In Prague, JDC support was, as we have seen, indirect, but it ran at a monthly rate of about $ 33,000.

[April 1939-end 1939: Emigration of about 35,000 Jews of CSR]

The main concern of the committees and of JDC was, of course, to aid as many people to emigrate as possible at the greatest speed. Prior to March 15 there was a great deal of competition from Sudeten German opponents of Nazism and from Czechs who wished to leave the country. Nevertheless, by the end of 1939 about 35,000 Jews managed to leave the Czech lands.

This was facilitated by a British government-supported fund, the Lord Mayor's Fund, which had 4 million pounds at its disposal. Despite the fact that the fund was largely used for Czech internal requirements, small amounts were used for Jewish refugee emigration. England was the main destination of the emigrants; representatives of British groups, Quakers and others, did a tremendous job in Prague, sifting and processing applications; the staff of the British Embassy in Prague was also very helpful.

[Illegal emigration is not mentioned but is very probable].

[Flight without visa from the NS CSR - an emigration train without visas]

Nevertheless, there were difficulties. In the panic that the occupation of the country brought, people simply tried to flee without bothering to obtain visas. A train with 160 Jews went across Germany in April, only to be stopped by the Dutch because the emigrants did not have any visas of final destination. The Gestapo declared that if the train was still in Germany by a fixed deadline - April 29 - the refugees would be arrested. It was only through a waving of formalities by the British that these people were saved.

(End note 104: R60, introduction to the March-April 1939 report)

Illegal emigration to Palestine also flourished; other persons crossed the border into Poland as Czech refugees, only to be threatened by the Poles with deportation back into the Gestapo's hands.

(End note 105: 11-5, Smolar report, 6/9/39 [9 June 1939])

The Germans were pressing for Jewish emigration by the (p.263)

same methods that had been so successful elsewhere, and in July 1939 they established in Prague a branch office of the Central Bureau for Jewish Emigration.
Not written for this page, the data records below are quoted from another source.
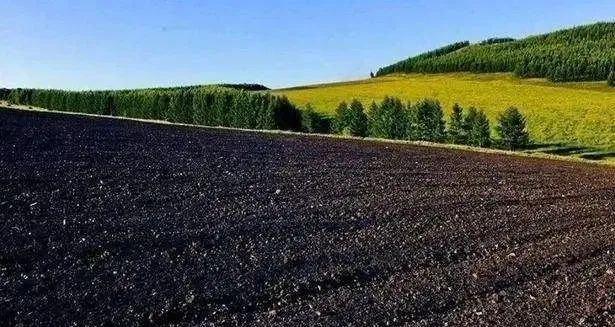 最近,全球震撼,大变局已经到来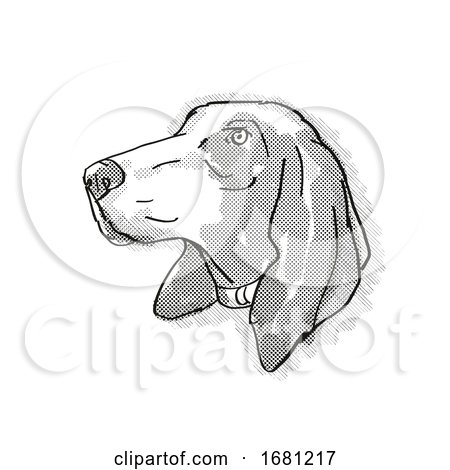 Bracco Italiano Dog Breed Cartoon Retro Drawing by patrimonio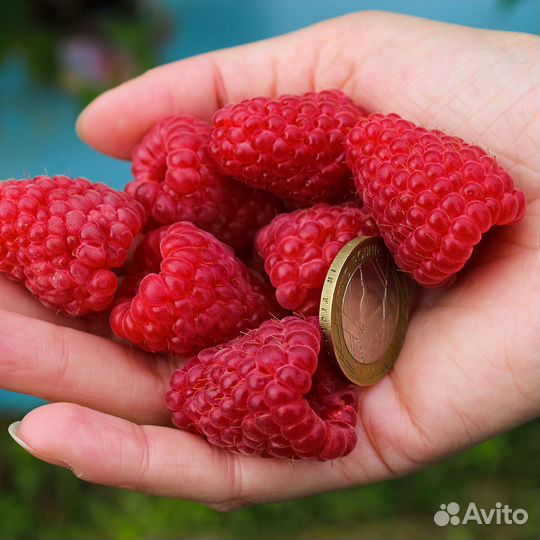 Саженцы малины с бешеным урожаем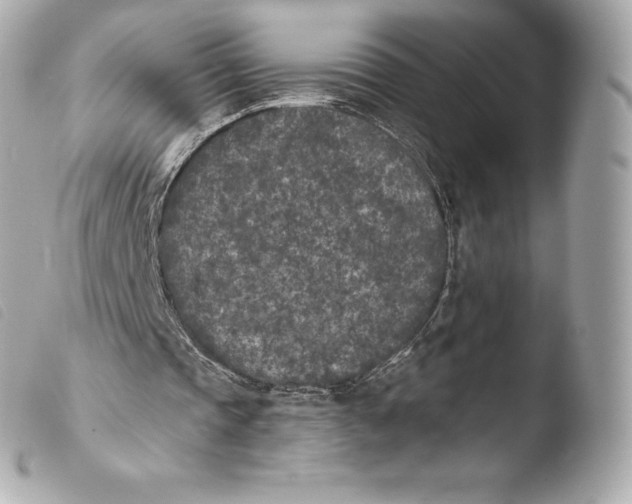 X0000103910337200810031218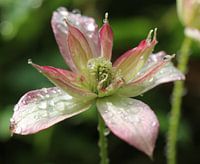 Rose-witte clematis na een regenbui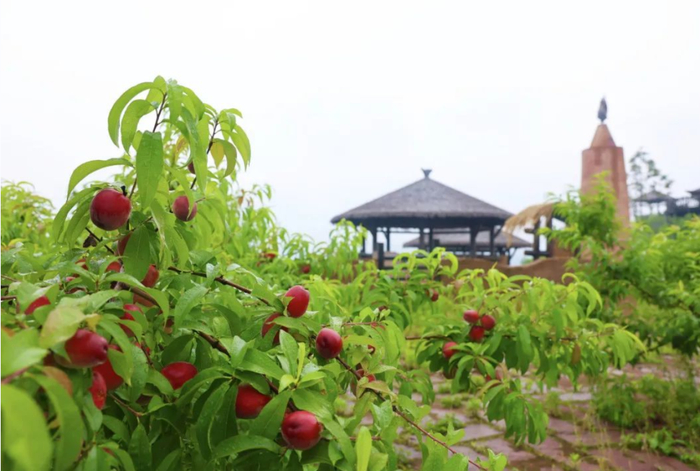 来源：渝北发布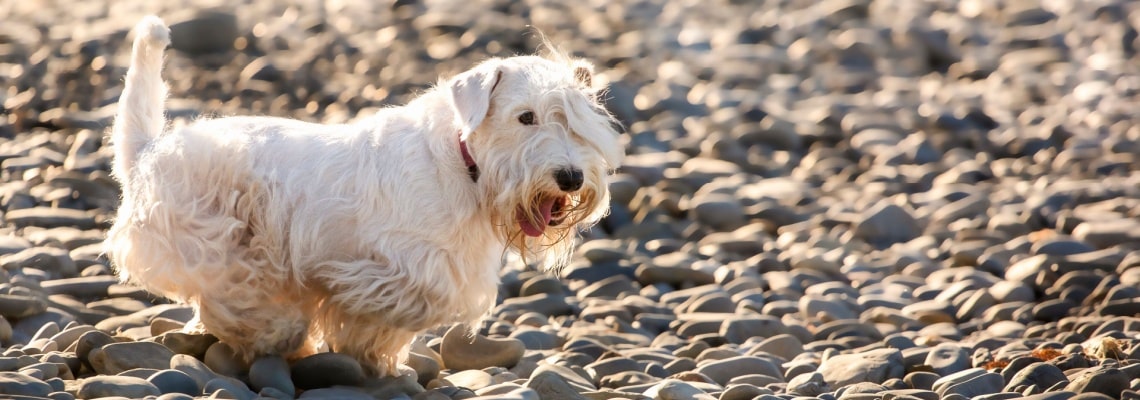 chien Sealyham Terrier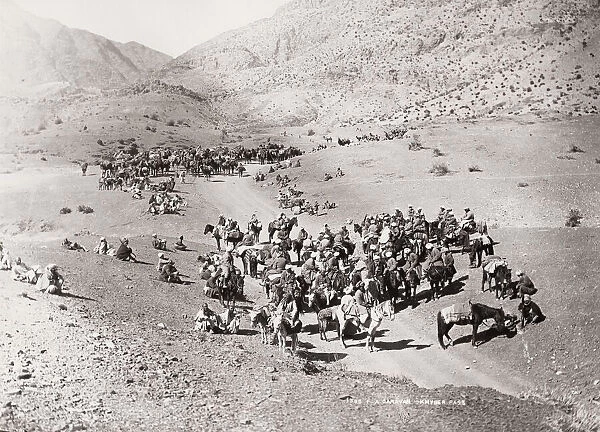 Caravan heading into the Khyber Pass, North West Frontier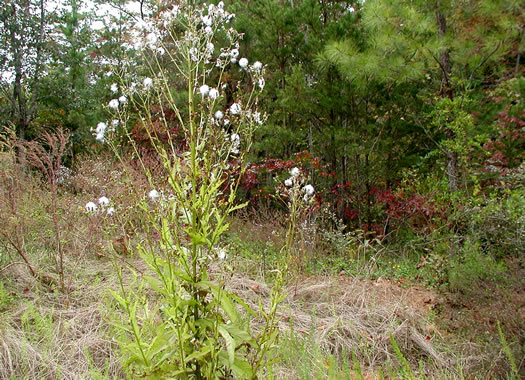 Erechtites hieraciifolius, Fireweed, American Burnweed, Pilewort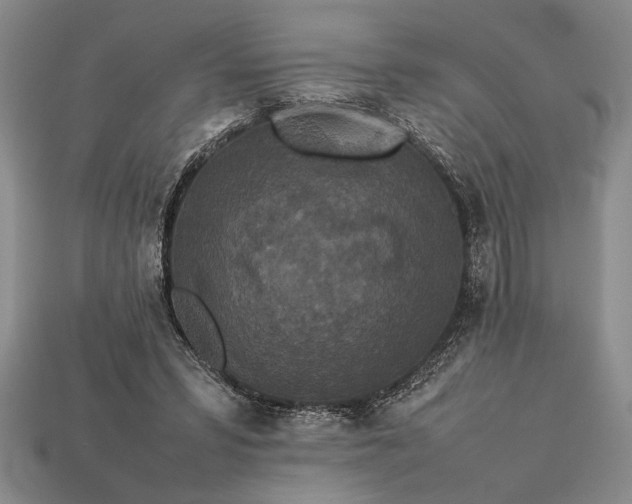 X0000113260399200909241526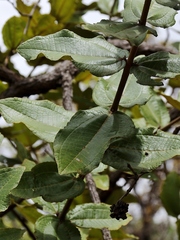 Miconia leucocarpa
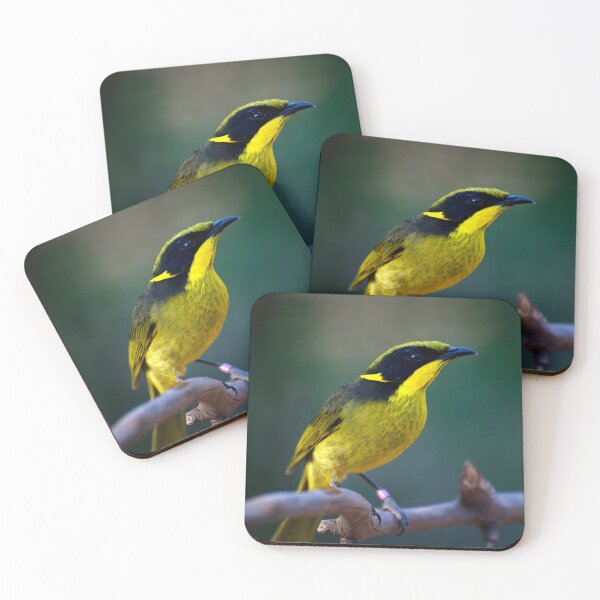 Item preview, Helmeted Honeyeater designed and sold by GP1746.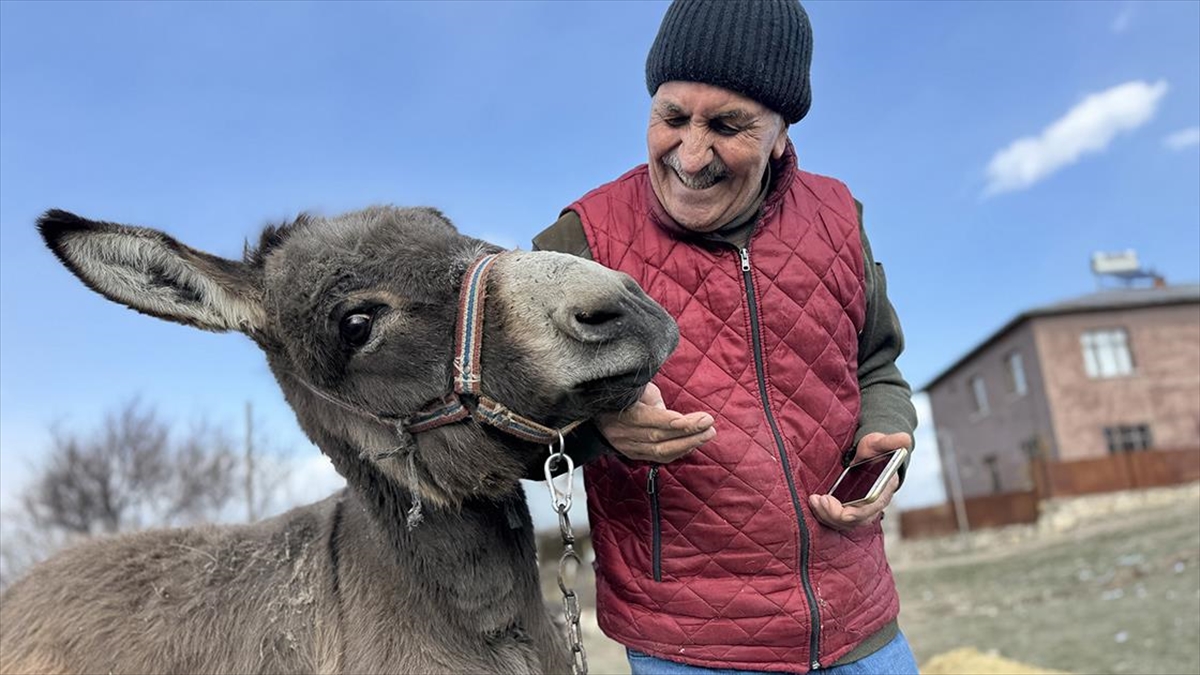 Kırsala Terk Edilen Eşeğe 21 Yıldır Bakan Hayvansevere Destek Yağdı Haberi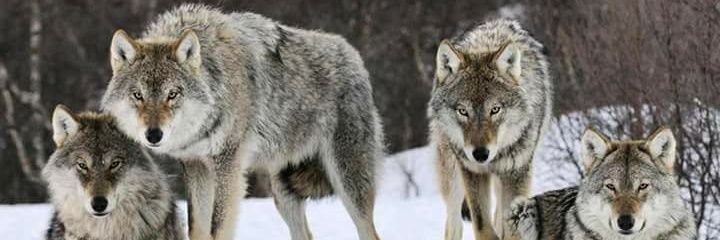 fernanda_fefa21's profile banner image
[Since March 1939: Again Jews driven into no-man's-lands - help]

After March, too, the tragedies of small groups in no-man's-land were repeated. Germans were expelling Jews from the Czech lands, and on the Polish border the scenes of autumn 1938 took place once again. In all these cases the Prague Social Institute had to intervene to keep the people alive.

(End note 106: 11-5, Troper cable, 6/15/39 [15 June 1939])

When the curtain came down on the unhappy country in September 1939, the fate of Czech Jewry had become identical to that of Germany and Austria.

Where could the Jews of Central Europe have gone? No country was willing to accept panic-stricken Jewish refugees without the necessary and delaying prerequisites of form-filling and careful scrutiny. No country really wanted penniless Jews.